GIVEN DATA >>
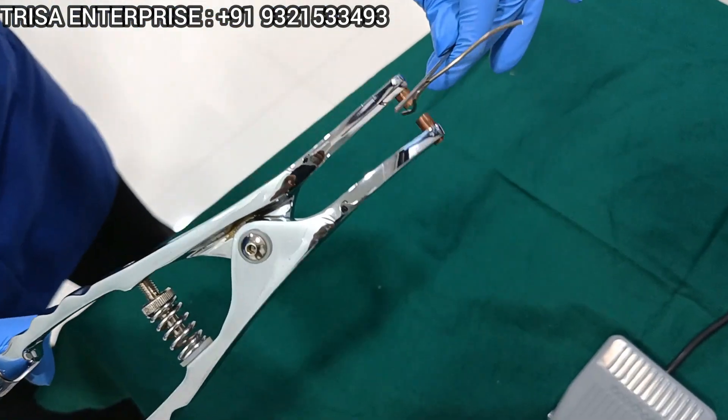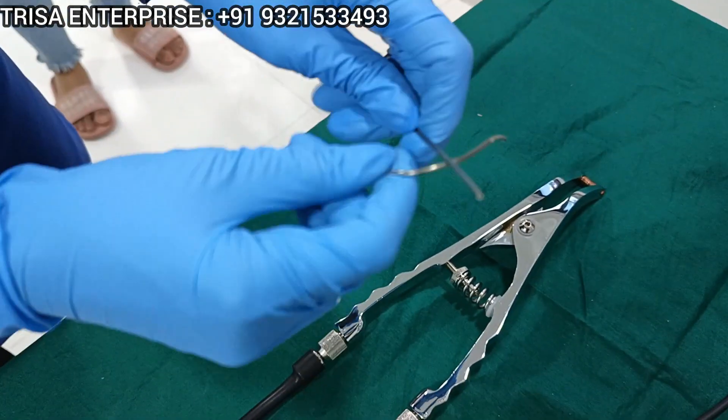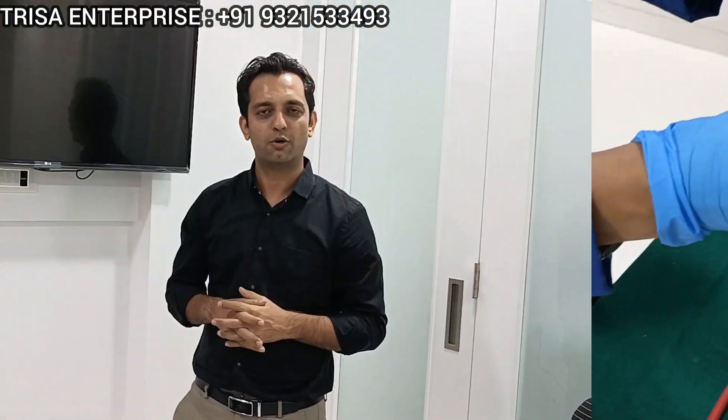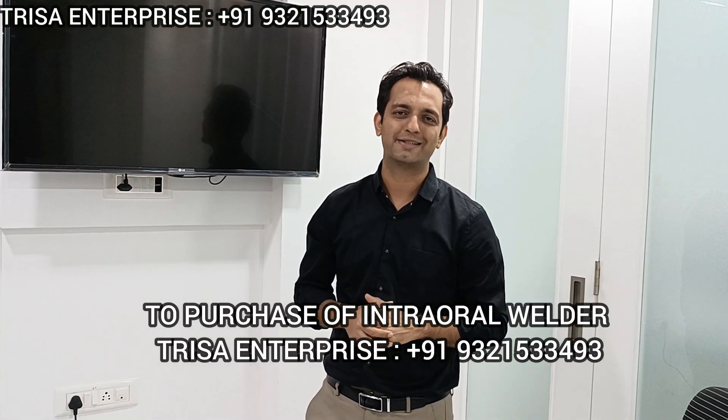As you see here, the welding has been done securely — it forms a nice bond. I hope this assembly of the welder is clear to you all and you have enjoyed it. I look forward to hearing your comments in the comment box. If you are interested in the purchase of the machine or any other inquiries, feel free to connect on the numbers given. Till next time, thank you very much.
* * *
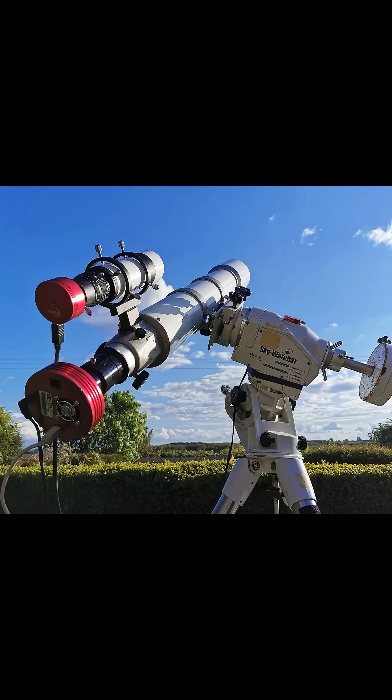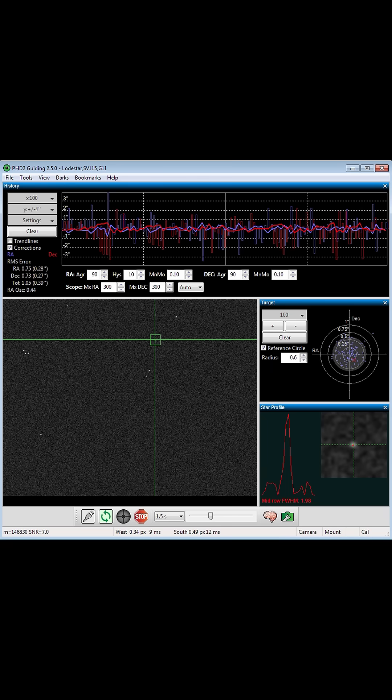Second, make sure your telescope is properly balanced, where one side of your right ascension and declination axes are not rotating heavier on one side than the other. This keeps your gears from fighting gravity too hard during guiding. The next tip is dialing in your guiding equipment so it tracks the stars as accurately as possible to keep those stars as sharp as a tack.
--
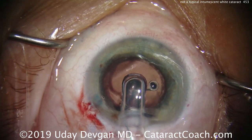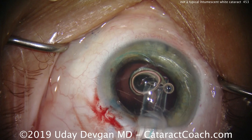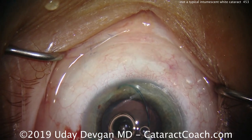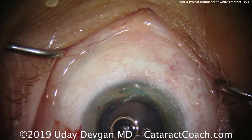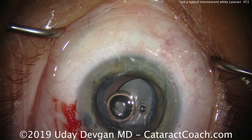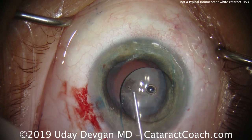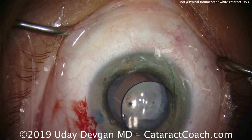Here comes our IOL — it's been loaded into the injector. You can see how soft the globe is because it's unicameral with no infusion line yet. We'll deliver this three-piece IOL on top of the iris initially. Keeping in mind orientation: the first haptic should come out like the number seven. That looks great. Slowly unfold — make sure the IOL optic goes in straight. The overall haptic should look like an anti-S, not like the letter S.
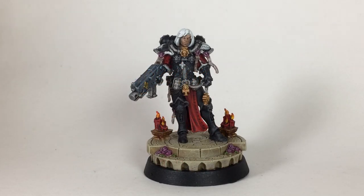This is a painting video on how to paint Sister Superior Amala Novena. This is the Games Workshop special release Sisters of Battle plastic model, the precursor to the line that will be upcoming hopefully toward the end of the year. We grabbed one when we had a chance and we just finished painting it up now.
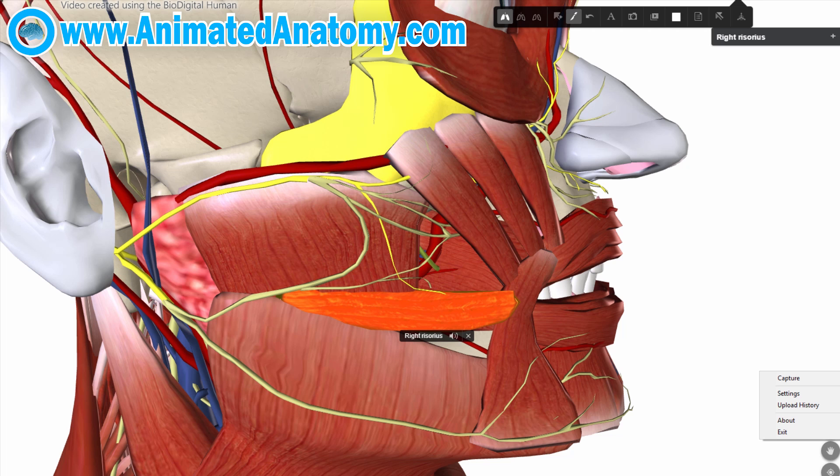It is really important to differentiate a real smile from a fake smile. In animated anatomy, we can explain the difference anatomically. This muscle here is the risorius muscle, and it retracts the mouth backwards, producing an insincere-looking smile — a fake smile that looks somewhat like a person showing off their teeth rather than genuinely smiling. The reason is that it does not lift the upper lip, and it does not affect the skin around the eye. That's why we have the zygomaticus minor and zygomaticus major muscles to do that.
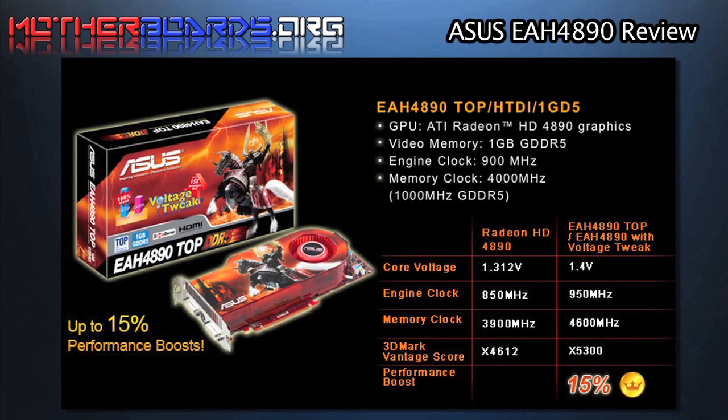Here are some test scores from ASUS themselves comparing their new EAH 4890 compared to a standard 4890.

TASK DESCRIPTION >>
Word for word, write out the lines above running from the one with "It is really" up to and including the one with "Here are some". Drop any picture.

YOUR SOLUTION >>
It is really important to differentiate a real smile from a fake smile. In animated anatomy, we can explain the difference anatomically. This muscle here is the risorius muscle, and it retracts the mouth backwards, producing an insincere-looking smile — a fake smile that looks somewhat like a person showing off their teeth rather than genuinely smiling. The reason is that it does not lift the upper lip, and it does not affect the skin around the eye. That's why we have the zygomaticus minor and zygomaticus major muscles to do that.
Here are some test scores from ASUS themselves comparing their new EAH 4890 compared to a standard 4890.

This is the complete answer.